March 19, 2003
Driving win32 GUIs with Python, part 1

I'm doing a lot of this at the moment, so I thought I'd jot down some of the stuff I've learnt. Certainly, I couldn't find any of this on the 'net at the moment.

I'm not going to post everything at once - I'll do it a piece at a time.

OK, so you are trying to automate some process, and one of the applications involved doesn't want to play. No COM automation, no command line, no nothing. You are going to have to drive its GUI.

One possibility (the first that I tried) is to use something like AutoIT. This (free) automation tool can drive a lot of things, and a COM control is provided, so you can script it all in Python.
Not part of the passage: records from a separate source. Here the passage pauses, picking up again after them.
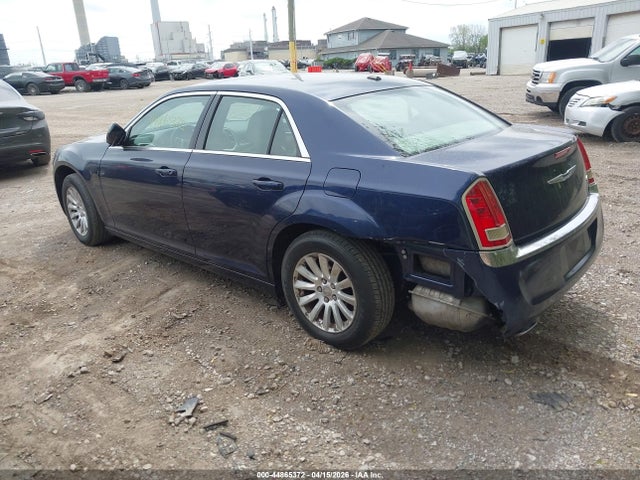 Aukcja sprzedaży 2013 Chrysler 300 Motown, vin: 2C3CCAAG5DH561516, numer aukcji: 44865372
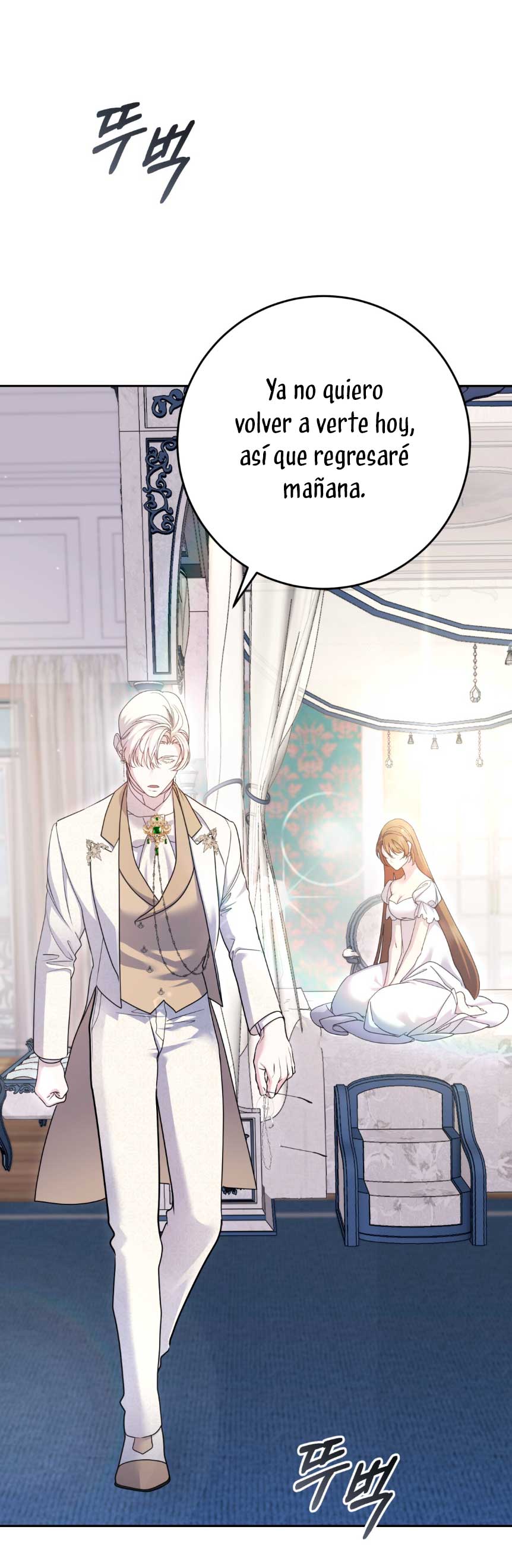 Isnelda Capítulo 61 - Página 31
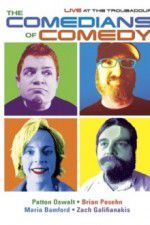 Watch The Comedians of Comedy: Live at The Troubadour 123MoviesFree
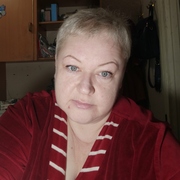 Надежда, 51, Мурманск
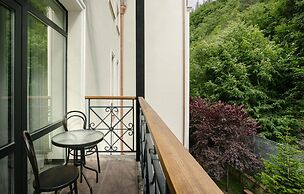 Crowne Plaza Borjomi by IHG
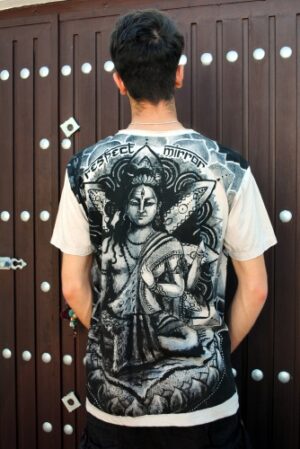 Camiseta Shiva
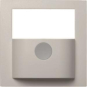 Berker Abdeckung KNX PIR        80960409 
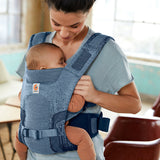 Ergobaby Aerloom Baby Carrier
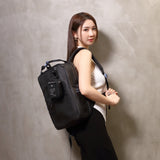 Moral x Leanne.LY Budd Gizza Backpack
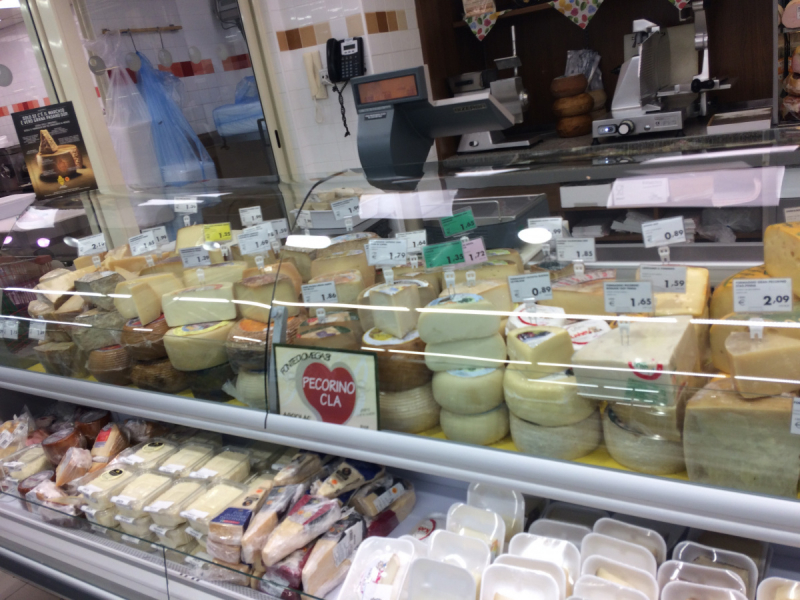 Сардиния 2018. ЮГ. Отдых с маленьким ребёном.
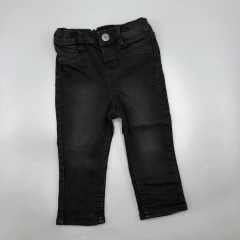 Jeans H&M - Talle 9-12 meses - SEGUNDA SELECCIÓN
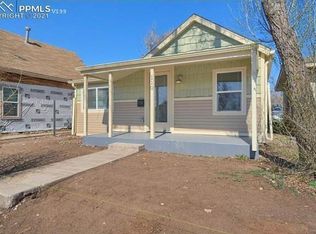 110 S 10th St, Colorado Springs, CO 80904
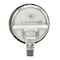 Pic Gauges 2 1/2 in Dial, 1/4 in NPT Male Lower Location, Stainless Steel Case Material PRO-311D-254G - alternate 4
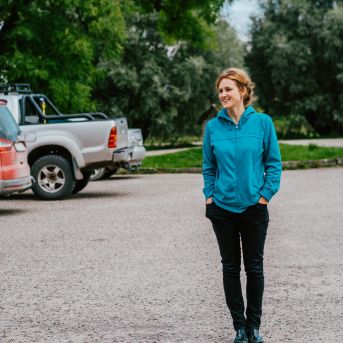 Pārgājiens 2021 - Foto: SMMS audzēkne Alise Kidika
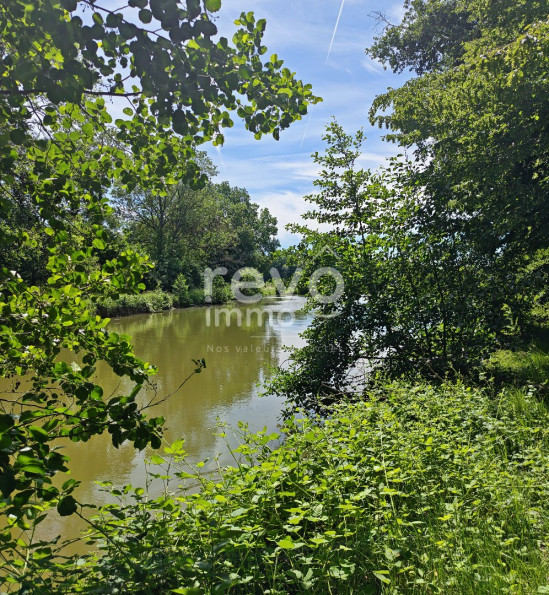 vente Etang Crans - Photo 3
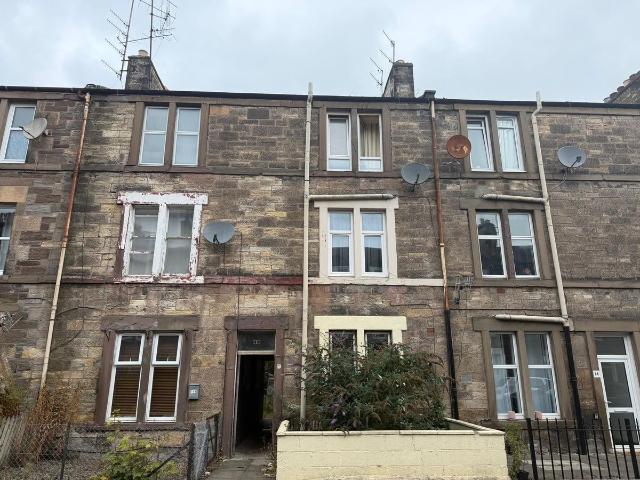 Apartment for rent in Moneydie, Scotland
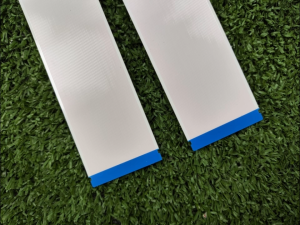 🔥🇲🇾 Ready Stock 24hr Ship🔥 2PCS - aiwa AIWA AW-43FLEDX10AF TV RIBBON CABLE (TCON TO SCREEN BOARD)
Problem is, if you push it too hard, the rough edges start to show. I find I need to reset the control (using the Init() method) all the time, or it would stop recognising windows. One of the applications I'm working with doesn't play by the Windows rules, and so not everything works. Lastly, it's inherently limited - you cannot, for example, use it to get the text from an edit control. For all these reasons, I frequently have to roll my own.

To run this lot, you'll need Python, and Mark Hammond's win32 stuff. I'm using version 2.2.2 and build 152 respectively, on NT 4 service pack 6. If any of this works (or doesn't) on other versions, I'd be grateful to know.

First step - before you can do anything with a GUI component, you'll have to find it. Bit of terminology or you - every Windows GUI component is a window, whatever it is; text area, application window, scroll bar, button, whatever, they are all windows. And each of them has a window handle (often called hwnd). Windows often live in other windows, and can contain yet more windows themselves, so we will end up getting all nasty and recursive. We'll start out by getting a list of the top level windows.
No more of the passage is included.